Die eigene Küstenverteidigung sollte hingegen Sache des Heeres sein. Das war ein klares Konzept für das operative Zusammenwirken der Teilstreitkräfte. Die im März 1951 erschienene Bremerhavener Denkschrift des Konteradmiral a.D. Wagner griff diesen Ansatz auf.

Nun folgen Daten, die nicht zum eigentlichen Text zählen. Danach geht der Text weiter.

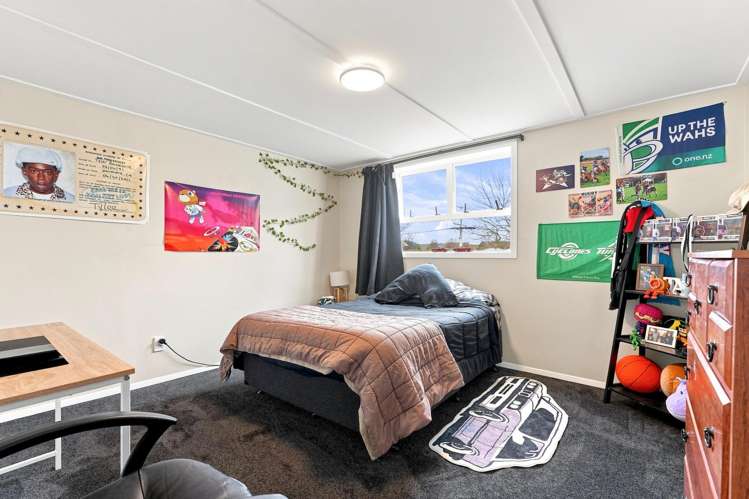 8 Albert Street Pahiatua_17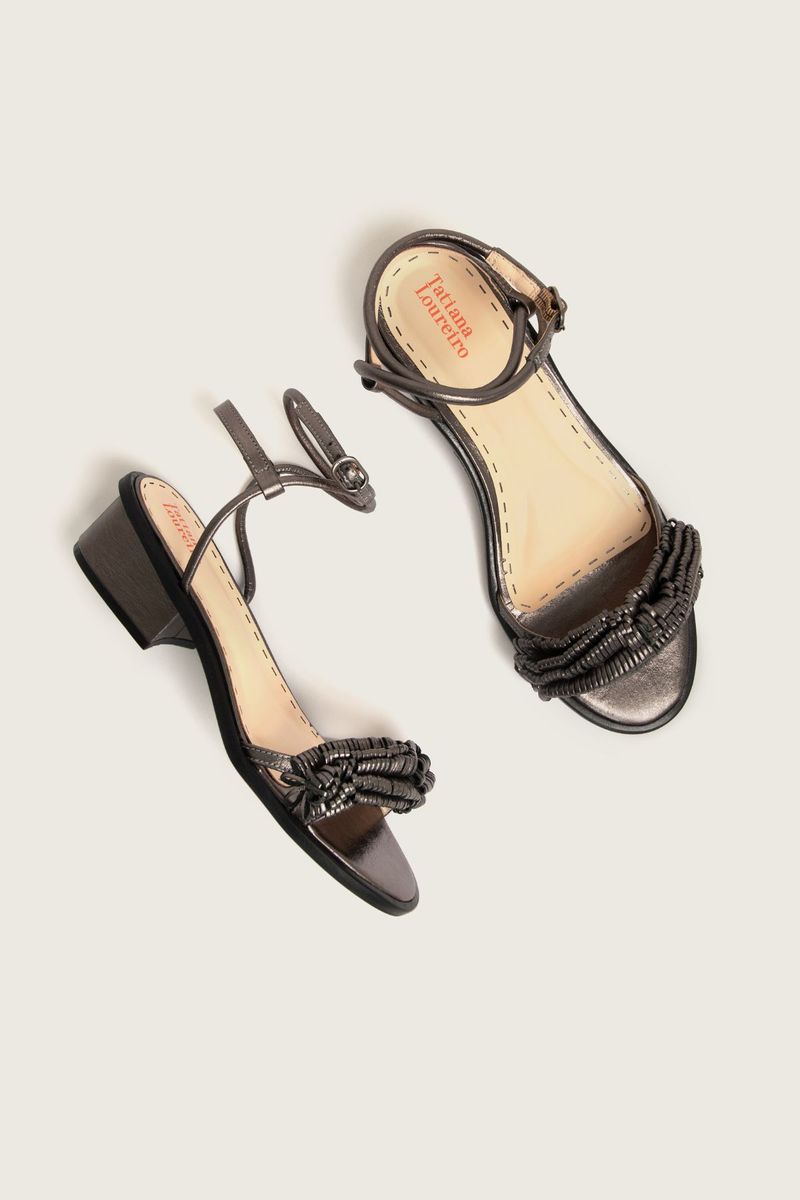 1530V25-342-SANDALIA-SALTO-BLOCO-FRINGE-CARBONO-01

Als 1956 der Wiederaufbau der Marine begann, griff man auf diese Ideen zurück. Sie spiegeln sich auch folgerichtig in der Erstausstattung der Marine wieder. Eine große Zahl schneller Minensuchboote und anderer Minenabwehrkräfte sollte den alliierten Landungsverbänden den Weg in die Ostsee öffnen. Artilleriezerstörer und eine eigene amphibische Komponente sollten Landungen im Ostseeraum unterstützen. Der Beitrag der Schnellboote und Jagdbomber schließlich bestand darin, Überwasserangriffe des Gegners abzuwehren.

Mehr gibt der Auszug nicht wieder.